Captioned web image data

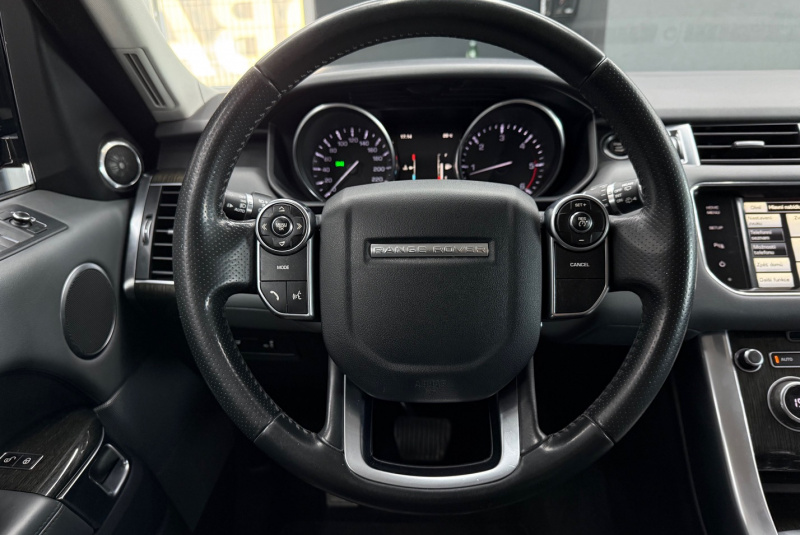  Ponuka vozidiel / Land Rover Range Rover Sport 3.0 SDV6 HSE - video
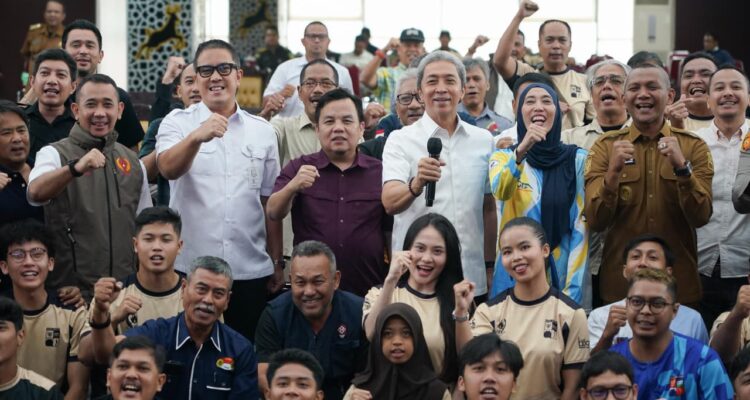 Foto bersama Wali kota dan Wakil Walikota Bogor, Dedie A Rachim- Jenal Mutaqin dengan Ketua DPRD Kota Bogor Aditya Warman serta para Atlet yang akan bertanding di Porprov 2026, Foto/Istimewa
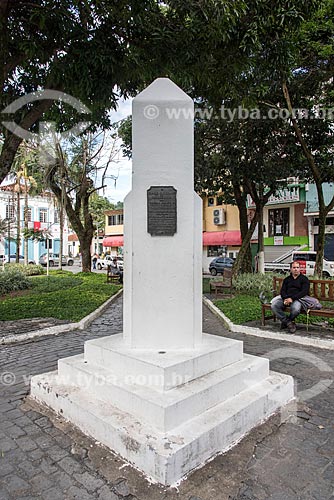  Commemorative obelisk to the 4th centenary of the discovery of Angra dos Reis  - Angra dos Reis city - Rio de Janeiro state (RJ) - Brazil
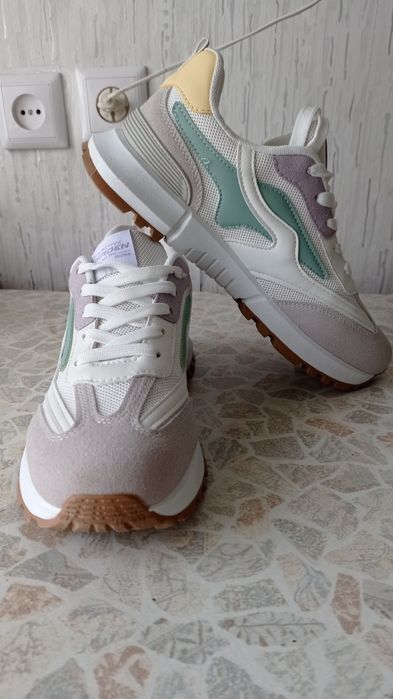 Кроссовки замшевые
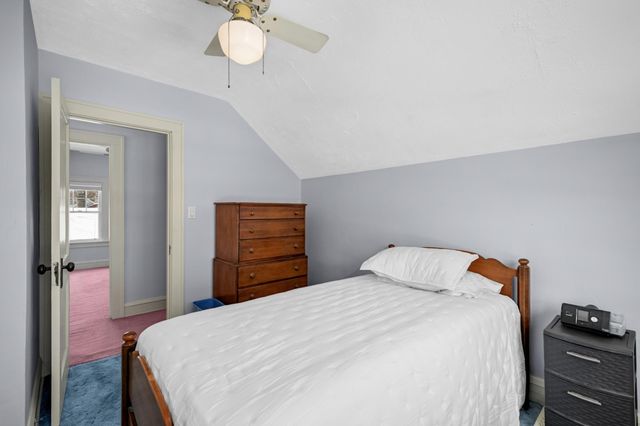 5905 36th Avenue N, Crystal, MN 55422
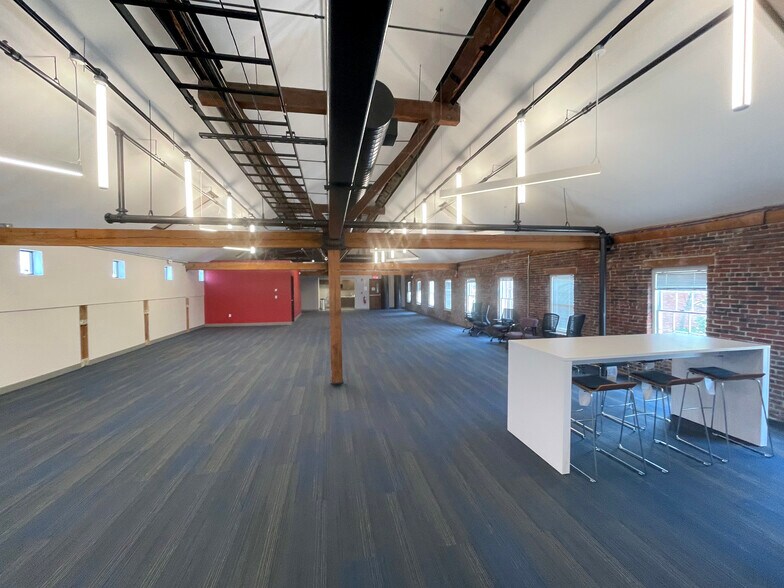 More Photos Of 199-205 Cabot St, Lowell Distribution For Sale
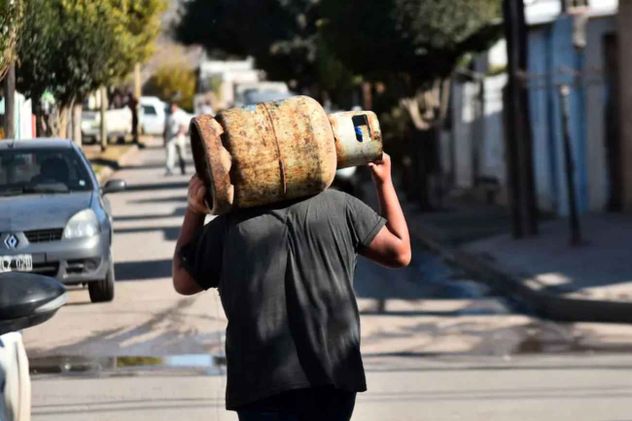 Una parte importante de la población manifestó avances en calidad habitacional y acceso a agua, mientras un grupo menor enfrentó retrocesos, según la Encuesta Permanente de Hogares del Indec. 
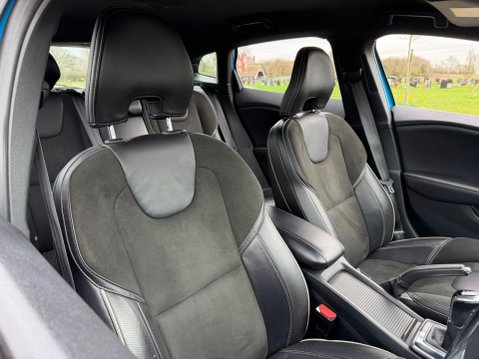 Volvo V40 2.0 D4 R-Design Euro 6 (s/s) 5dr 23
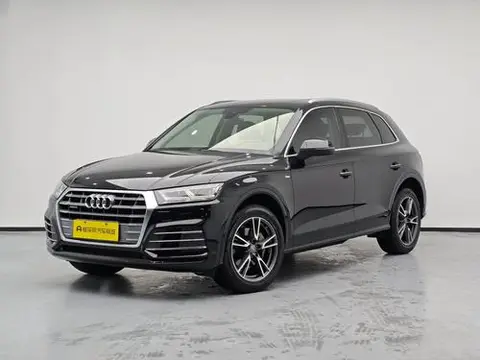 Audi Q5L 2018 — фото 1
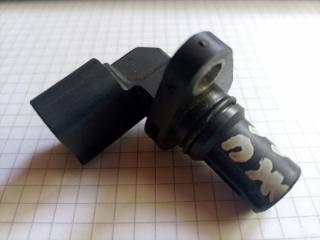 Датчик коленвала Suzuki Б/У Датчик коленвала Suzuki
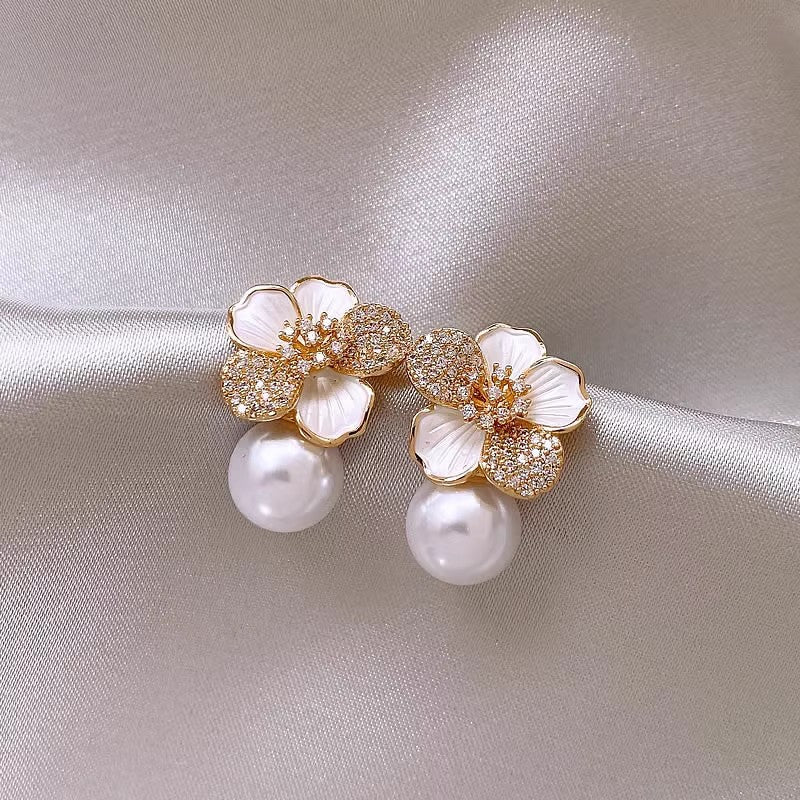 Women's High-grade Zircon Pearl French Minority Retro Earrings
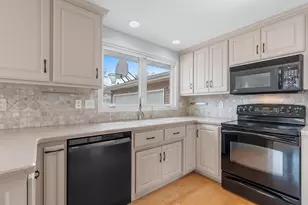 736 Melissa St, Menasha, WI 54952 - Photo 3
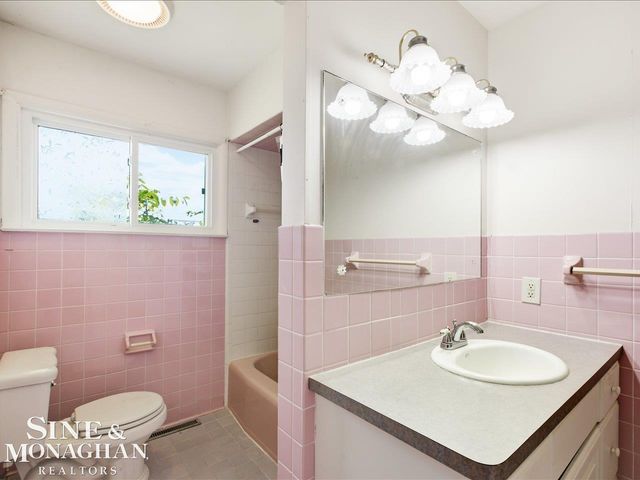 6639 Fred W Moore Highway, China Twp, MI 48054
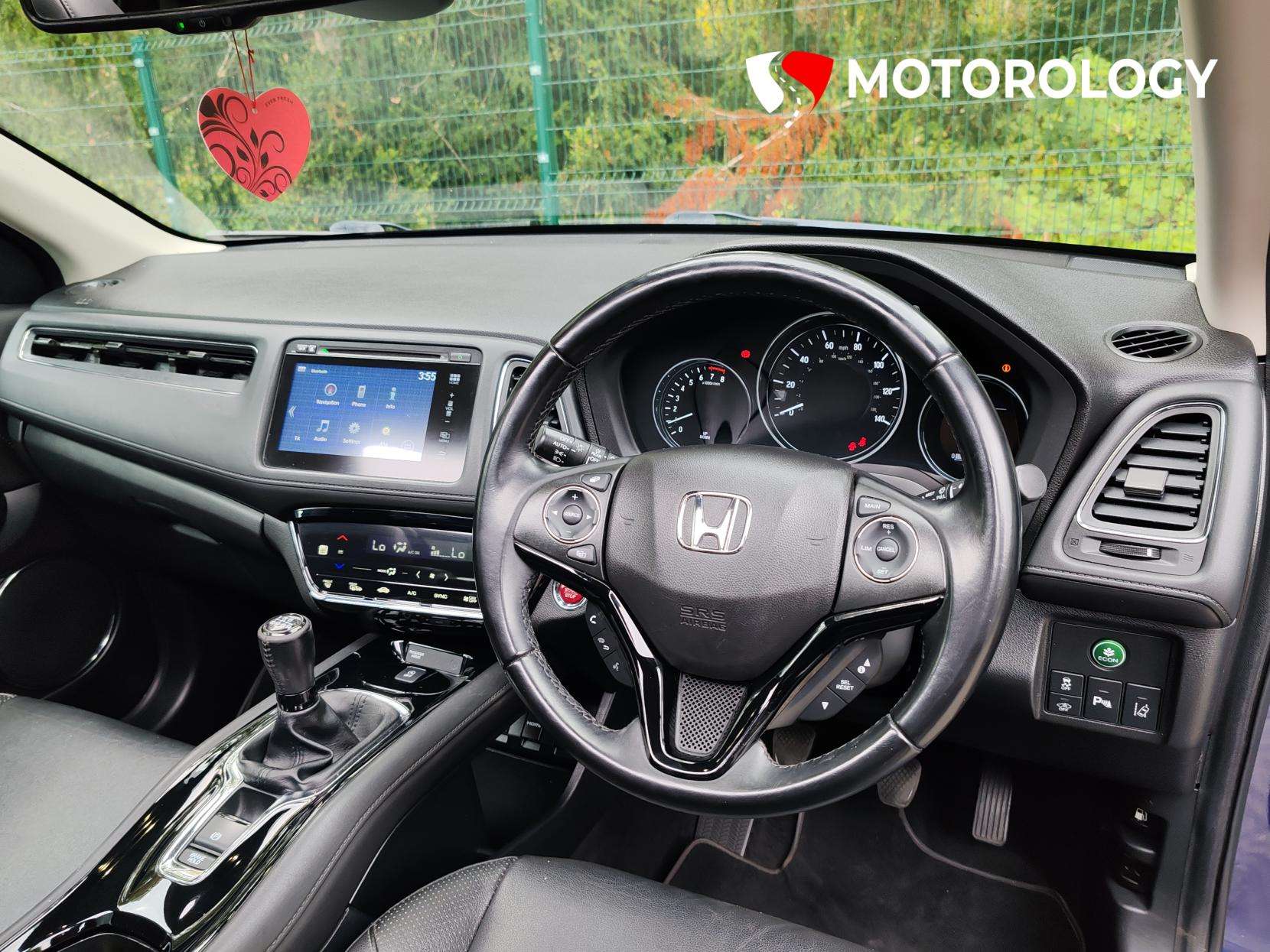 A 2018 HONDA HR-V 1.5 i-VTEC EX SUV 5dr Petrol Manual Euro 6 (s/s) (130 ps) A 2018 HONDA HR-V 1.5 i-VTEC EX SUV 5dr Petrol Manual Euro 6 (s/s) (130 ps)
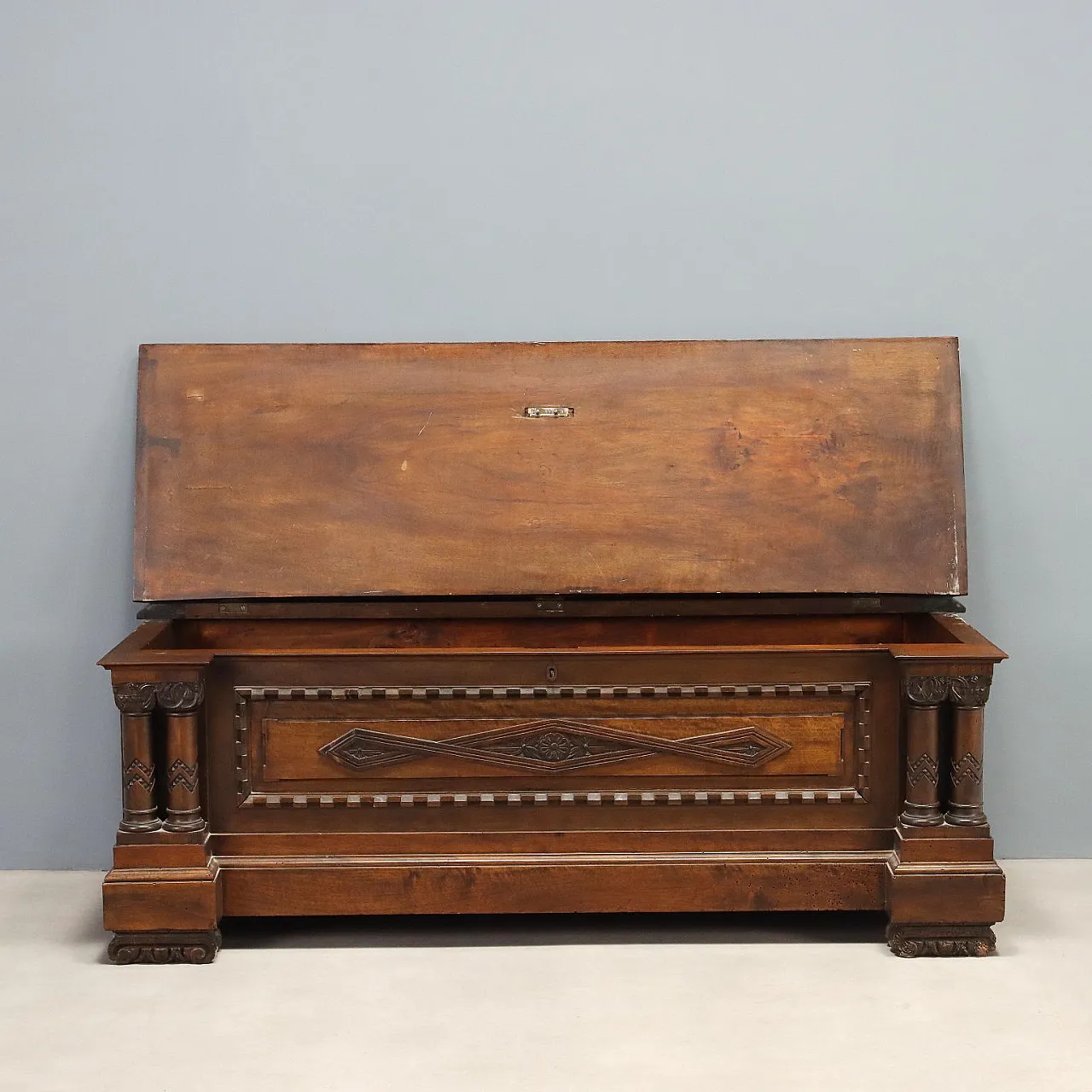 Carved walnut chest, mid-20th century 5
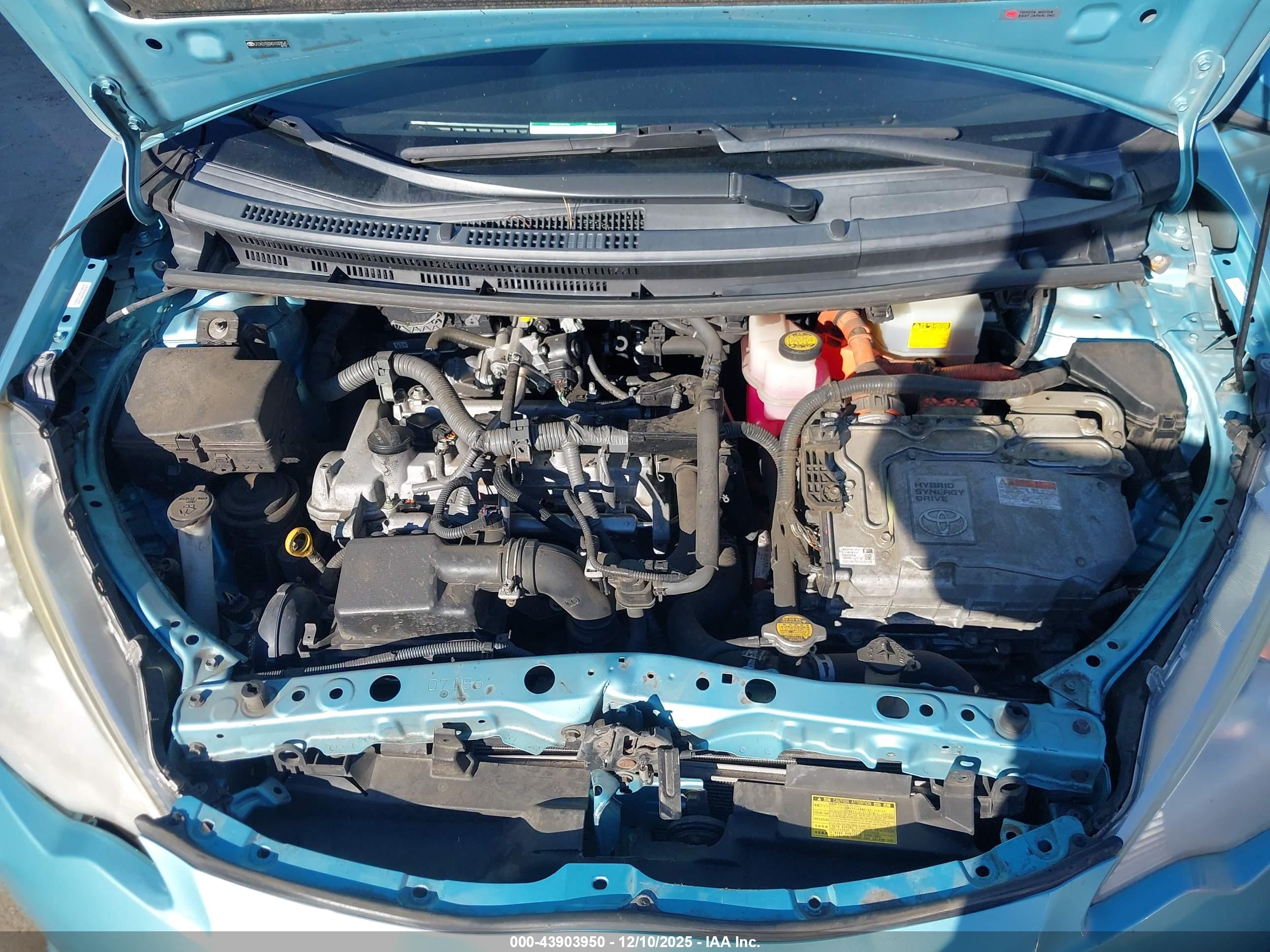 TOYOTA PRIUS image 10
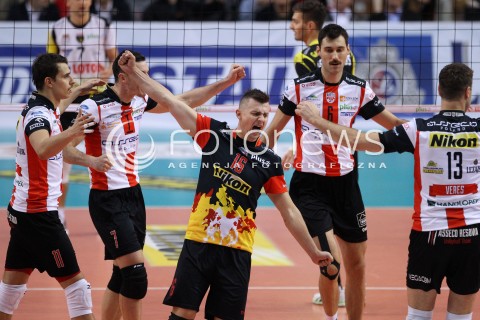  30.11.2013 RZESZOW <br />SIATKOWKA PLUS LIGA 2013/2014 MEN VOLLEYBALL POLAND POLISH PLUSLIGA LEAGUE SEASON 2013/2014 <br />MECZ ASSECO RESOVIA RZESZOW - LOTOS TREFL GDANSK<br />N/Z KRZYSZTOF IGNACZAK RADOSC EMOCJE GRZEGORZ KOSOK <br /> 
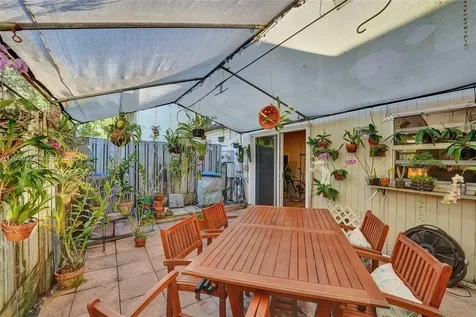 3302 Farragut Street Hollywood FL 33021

**Task to carry out:**
The records above are to be restated word for word, with every picture left out.

**Completed task:**
  Ponuka vozidiel / Land Rover Range Rover Sport 3.0 SDV6 HSE - video
 Foto bersama Wali kota dan Wakil Walikota Bogor, Dedie A Rachim- Jenal Mutaqin dengan Ketua DPRD Kota Bogor Aditya Warman serta para Atlet yang akan bertanding di Porprov 2026, Foto/Istimewa
  Commemorative obelisk to the 4th centenary of the discovery of Angra dos Reis  - Angra dos Reis city - Rio de Janeiro state (RJ) - Brazil
 Кроссовки замшевые
 5905 36th Avenue N, Crystal, MN 55422
 More Photos Of 199-205 Cabot St, Lowell Distribution For Sale
 Una parte importante de la población manifestó avances en calidad habitacional y acceso a agua, mientras un grupo menor enfrentó retrocesos, según la Encuesta Permanente de Hogares del Indec. 
 Volvo V40 2.0 D4 R-Design Euro 6 (s/s) 5dr 23
 Audi Q5L 2018 — фото 1
 Датчик коленвала Suzuki Б/У Датчик коленвала Suzuki
 Women's High-grade Zircon Pearl French Minority Retro Earrings
 736 Melissa St, Menasha, WI 54952 - Photo 3
 6639 Fred W Moore Highway, China Twp, MI 48054
 A 2018 HONDA HR-V 1.5 i-VTEC EX SUV 5dr Petrol Manual Euro 6 (s/s) (130 ps) A 2018 HONDA HR-V 1.5 i-VTEC EX SUV 5dr Petrol Manual Euro 6 (s/s) (130 ps)
 Carved walnut chest, mid-20th century 5
 TOYOTA PRIUS image 10
  30.11.2013 RZESZOW <br />SIATKOWKA PLUS LIGA 2013/2014 MEN VOLLEYBALL POLAND POLISH PLUSLIGA LEAGUE SEASON 2013/2014 <br />MECZ ASSECO RESOVIA RZESZOW - LOTOS TREFL GDANSK<br />N/Z KRZYSZTOF IGNACZAK RADOSC EMOCJE GRZEGORZ KOSOK <br /> 
 3302 Farragut Street Hollywood FL 33021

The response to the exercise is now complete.